She’s in a strange mood, posting a poem rich with Biblical
references.
She also “liked” a video on YouTube that is about the trail
of St. James – a pre-Reformation trail that followed St. James’ track through
Spain in the years following the death of Christ.
The Way of St. James, also known as the Camino de Santiago
in Spanish, is a famous Christian pilgrimage route that takes pilgrims through
Spain, France, and Portugal to the city of Santiago de Compostela in northwest
Spain. The route is a network of scenic paths that have been followed for over
1,000 years to visit the tomb of the Apostle St. James in the cathedral at
Santiago de Compostela.
The Way of St. James was one of the most important Christian
pilgrimages during the later Middle Ages, and a pilgrimage route on which a
plenary indulgence could be earned; other major pilgrimage routes include the
Via Francigena to Rome and the pilgrimage to Jerusalem.
What is most significant in her looking and liking that YouTube
video is the concept of indulgences, and the Christian idea that sins could be
forgiven although also suggesting the sinner must be punished none the less.
What message is she trying to convey and to whom?

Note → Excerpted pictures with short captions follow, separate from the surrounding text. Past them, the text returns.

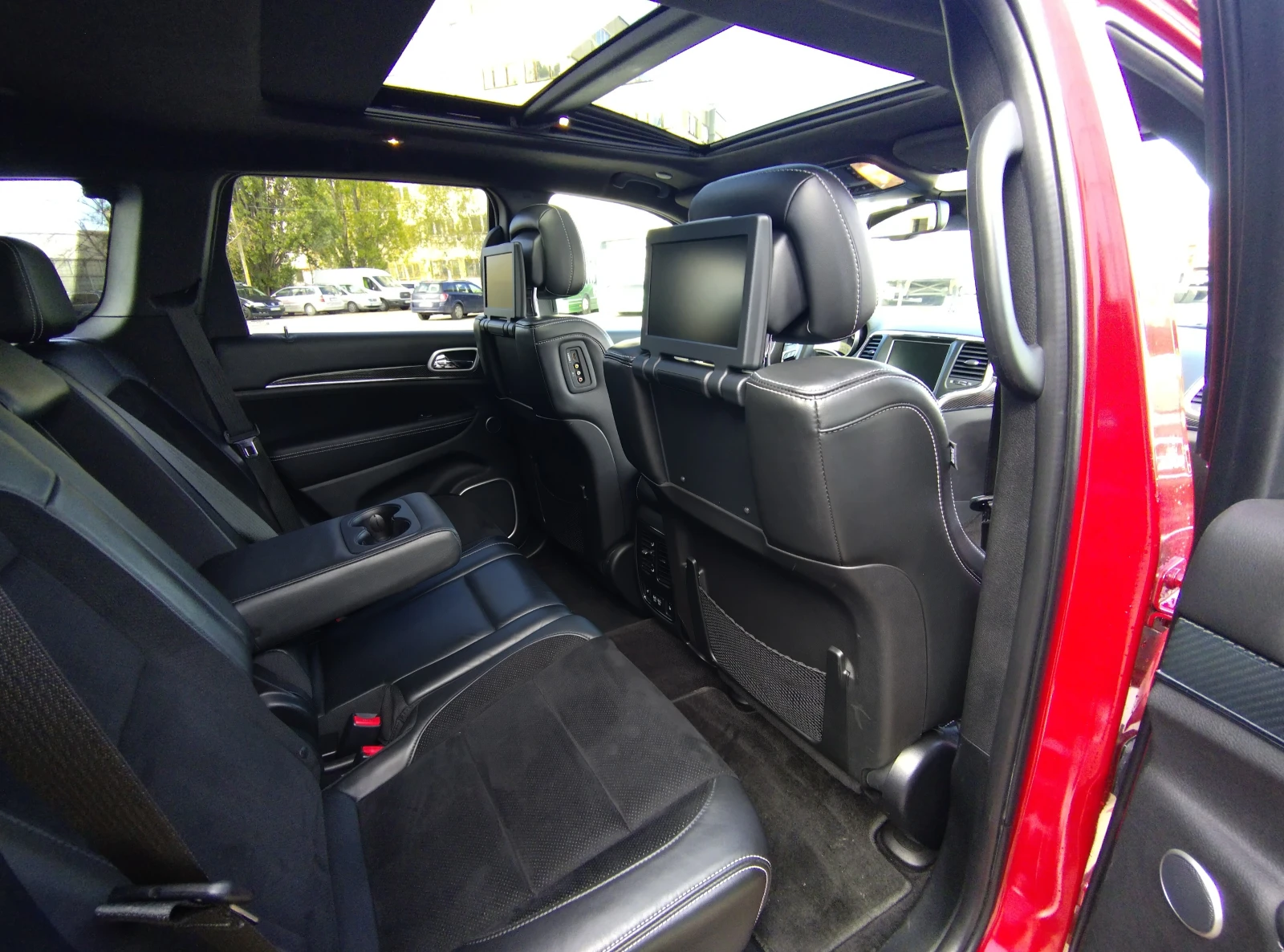 Jeep Grand cherokee 6.4 SRT | Mobile.bg   13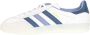 Adidas Originals Gazelle Indoor Sneaker Terrace Styles Schoenen core white preloved ink mel off white maat: 41 1 3 beschikbare maaten:41 1 3 42 - Thumbnail 16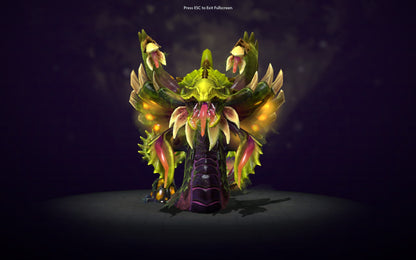 Immortal | MMR: 7389 - Behavior: 10000 - Communication: 10000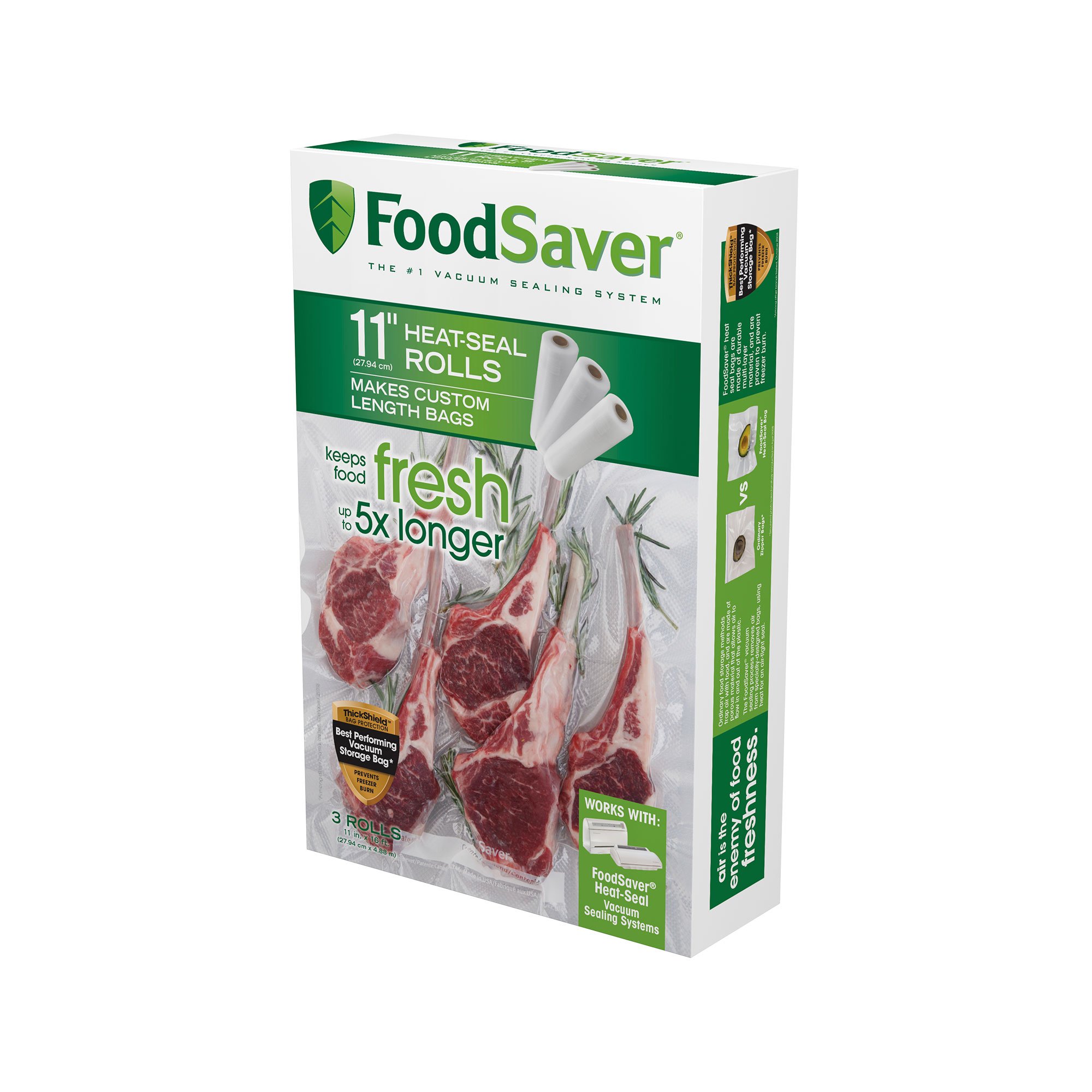 vacuum sealer bags for food storage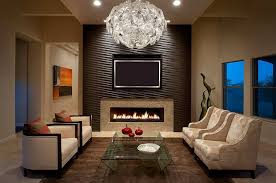 30 modern living rooms with fireplace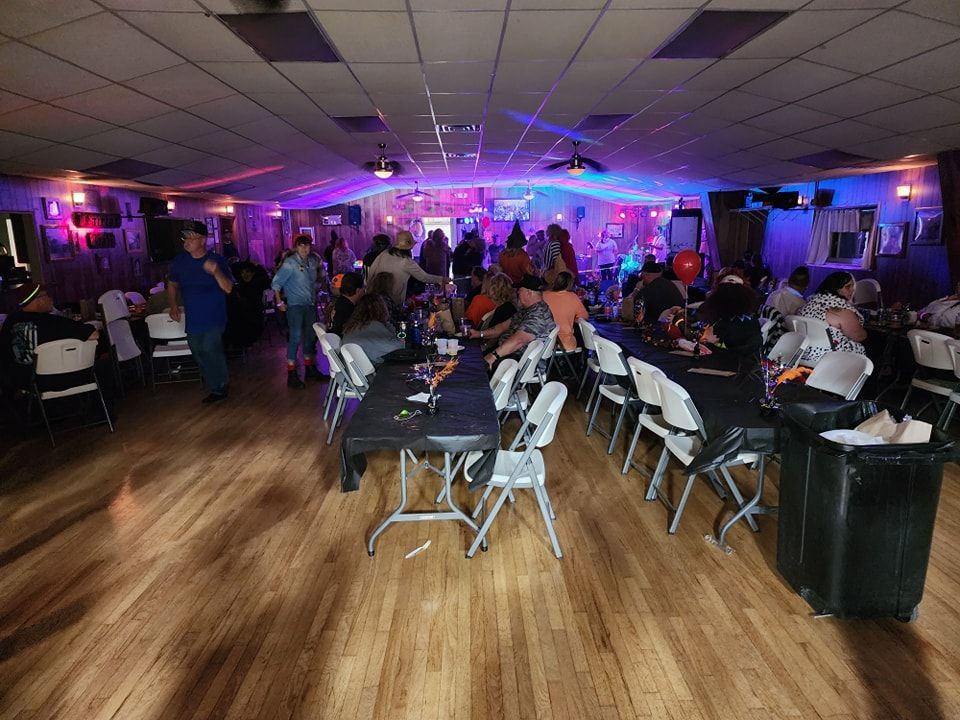 Fairfax Hall RVFD event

Earlier this year, she also “Liked” a YouTube broadcast of “Pretty
Woman,” which is a film about a prostitute being rescued from “the life.” These
two stand out from her usual liked videos which were mostly about eating
disorders, yet some how tie into her poem last spring about fair/unfair, and
the girl she met who was deeply wanton, a term she has used about herself in
the past as well.
She posted this poem on Friday, the second in three days
which may or may not be connected to our being in the same place at the same
time on Wednesday.
The previous poem talked about her being a pawn and her
struggle to maintain her free will.
This current poem deals with sin and guilt, and opens with
the well-known quote from the Bible as to have the person who is without sin
cast the first stone -- referring how
many in Biblical times tended to stone people for sins like adultery or lewdness
and such.
She follows up this by saying that for years she’s hit
herself with this stone because she could not claim the ability to throw,
though she’s the one who judged herself and the judgement only applies to
herself.
She says she sees the irony buy slightly altering the original
quote to say “let him among you who cannot first send a stone judge him (or her
self for being unable).
And she says this had been her motto until she realized her
hypocrocy was far greater than the original edict.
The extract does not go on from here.